Don't include pictures. Quote the lines below from the first through the line that contains "Knight from the".

(EXTRACTED INFORMATION Opens)

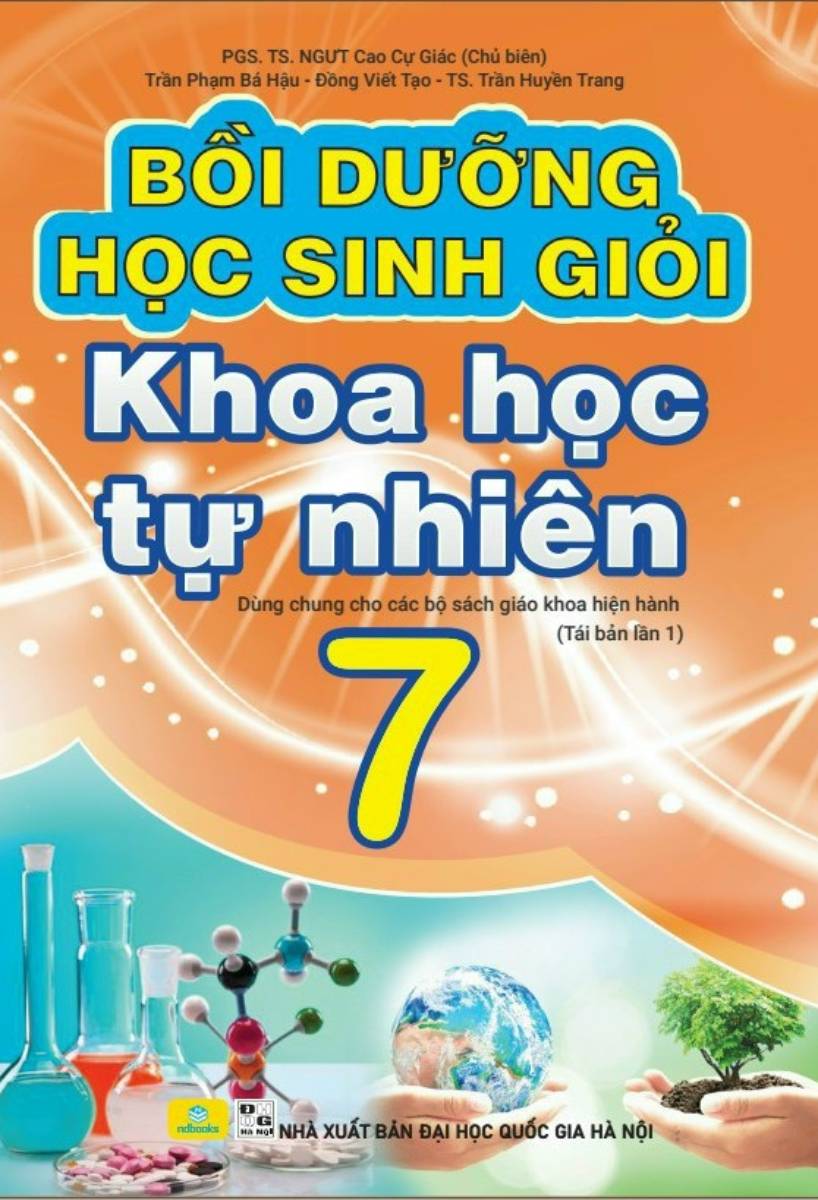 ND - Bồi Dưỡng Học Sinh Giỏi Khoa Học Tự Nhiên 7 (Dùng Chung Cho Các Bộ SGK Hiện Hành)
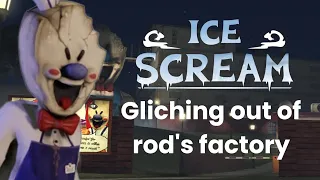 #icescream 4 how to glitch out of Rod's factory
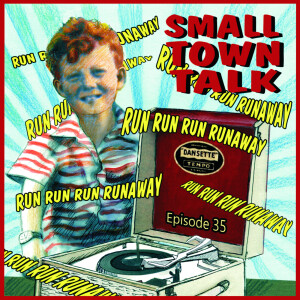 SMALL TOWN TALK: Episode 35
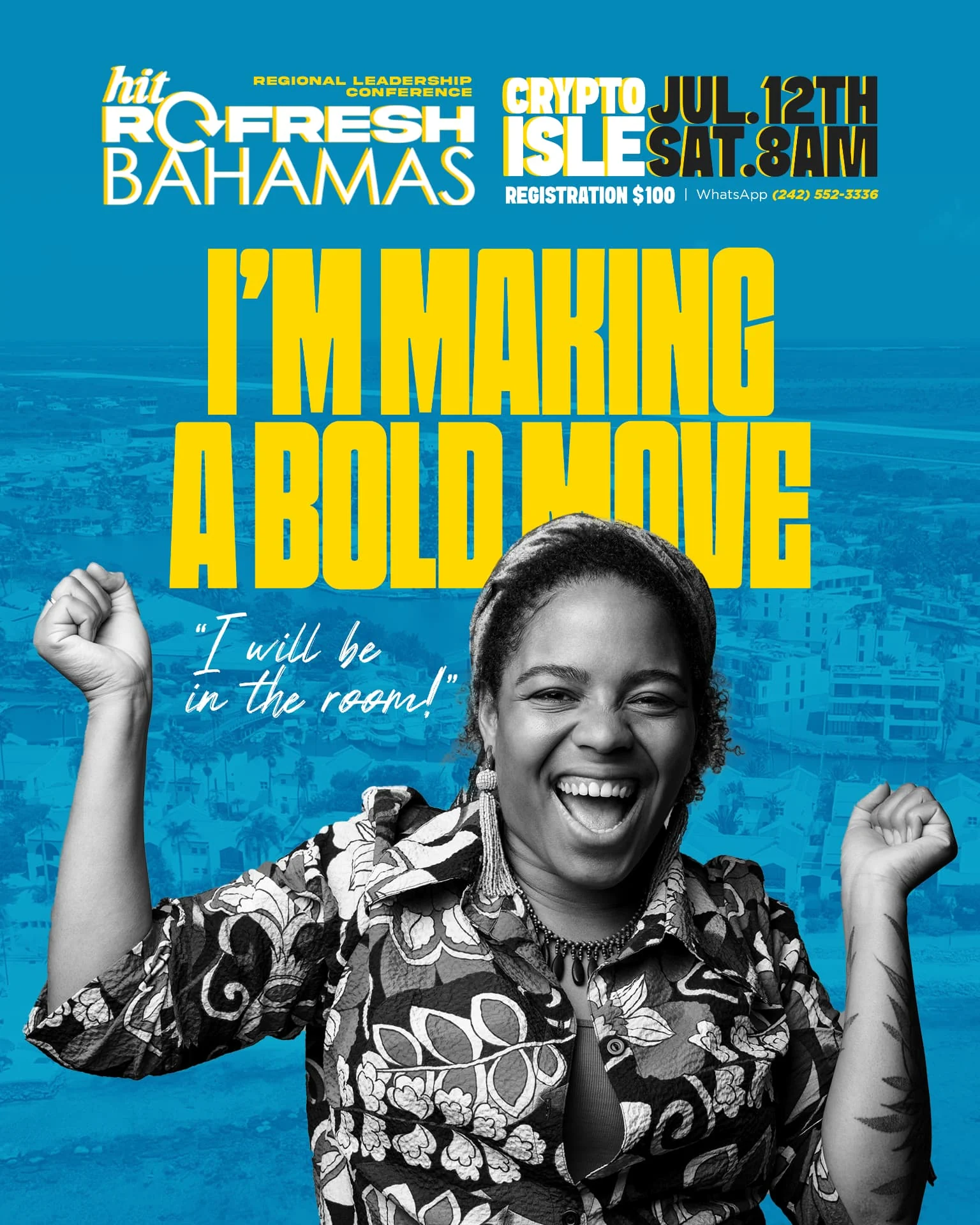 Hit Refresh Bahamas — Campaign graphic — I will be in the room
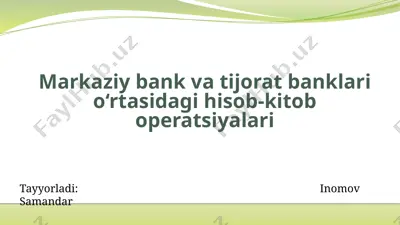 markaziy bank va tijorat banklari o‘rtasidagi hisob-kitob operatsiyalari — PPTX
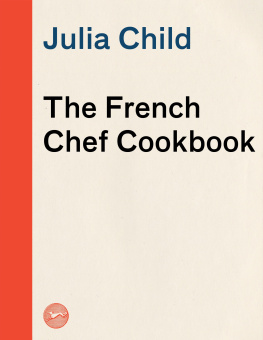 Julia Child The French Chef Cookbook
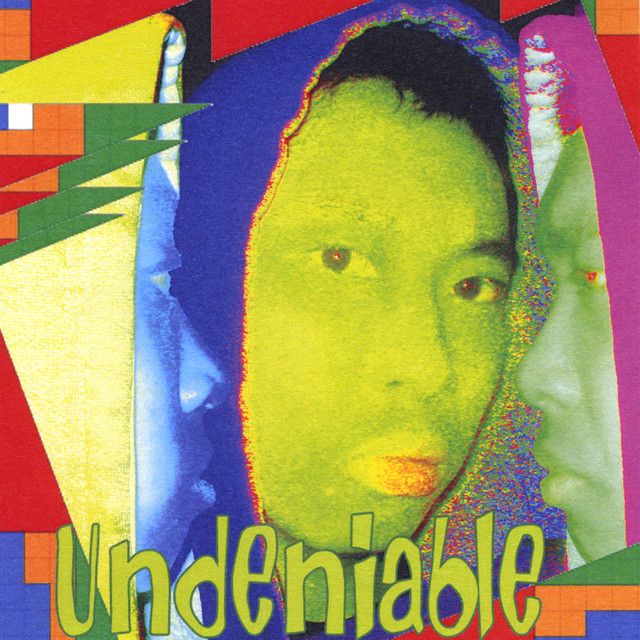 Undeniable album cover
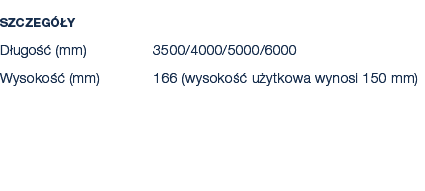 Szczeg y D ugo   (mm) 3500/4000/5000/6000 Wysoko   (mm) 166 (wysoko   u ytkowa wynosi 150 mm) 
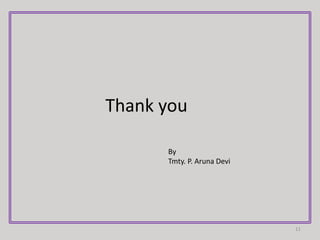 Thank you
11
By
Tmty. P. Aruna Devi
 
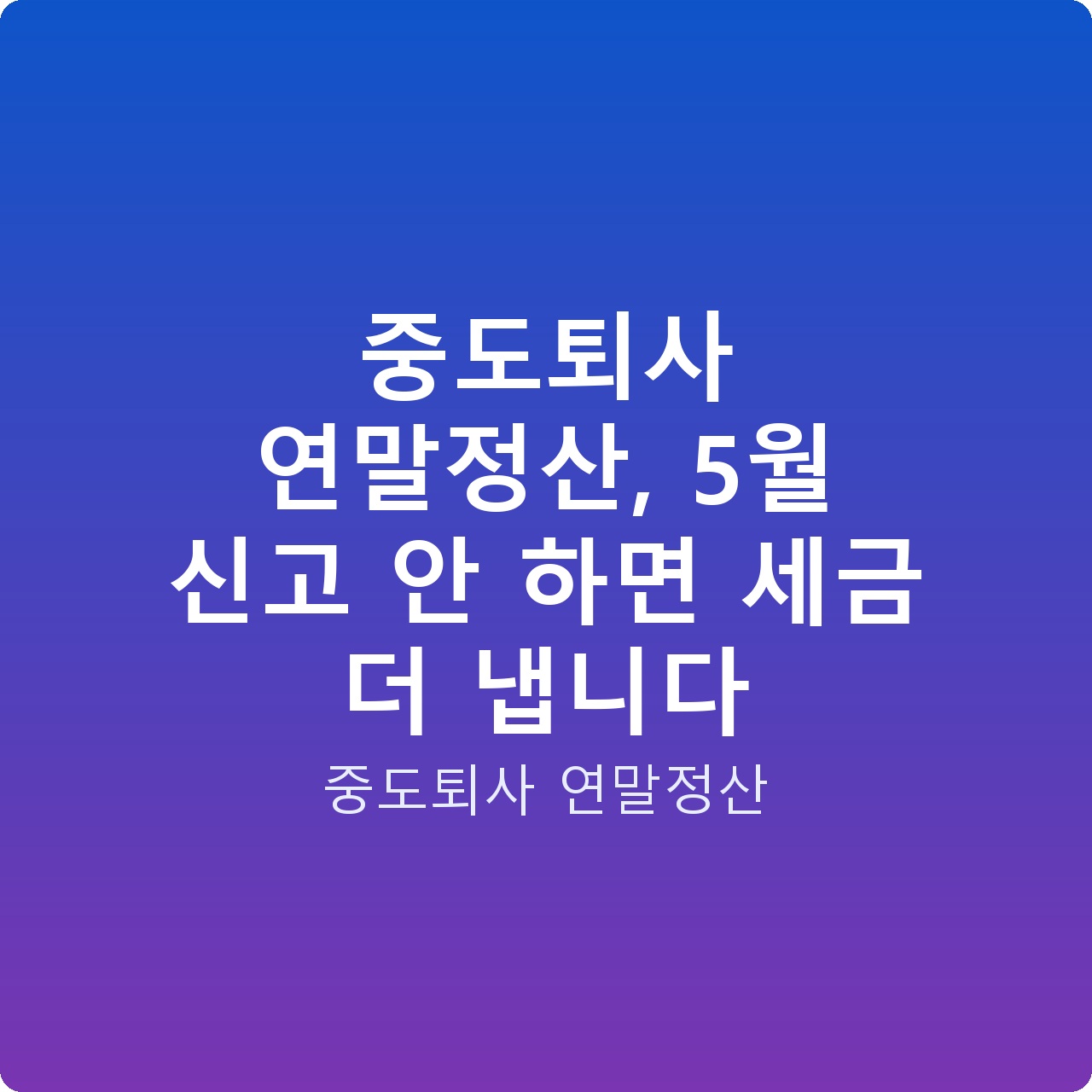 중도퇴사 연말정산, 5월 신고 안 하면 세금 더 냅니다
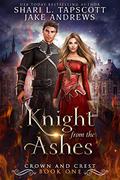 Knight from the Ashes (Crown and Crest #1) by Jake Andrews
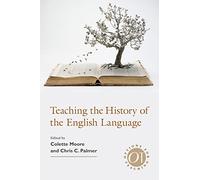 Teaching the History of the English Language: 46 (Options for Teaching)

(EXTRACTED INFORMATION Closes)

— RESULT —
 ND - Bồi Dưỡng Học Sinh Giỏi Khoa Học Tự Nhiên 7 (Dùng Chung Cho Các Bộ SGK Hiện Hành)
 #icescream 4 how to glitch out of Rod's factory
 SMALL TOWN TALK: Episode 35
 Hit Refresh Bahamas — Campaign graphic — I will be in the room
 markaziy bank va tijorat banklari o‘rtasidagi hisob-kitob operatsiyalari — PPTX
 Julia Child The French Chef Cookbook
 Undeniable album cover
 Szczeg y D ugo   (mm) 3500/4000/5000/6000 Wysoko   (mm) 166 (wysoko   u ytkowa wynosi 150 mm) 
 Thank you
11
By
Tmty. P. Aruna Devi
 
 중도퇴사 연말정산, 5월 신고 안 하면 세금 더 냅니다
 Knight from the Ashes (Crown and Crest #1) by Jake Andrews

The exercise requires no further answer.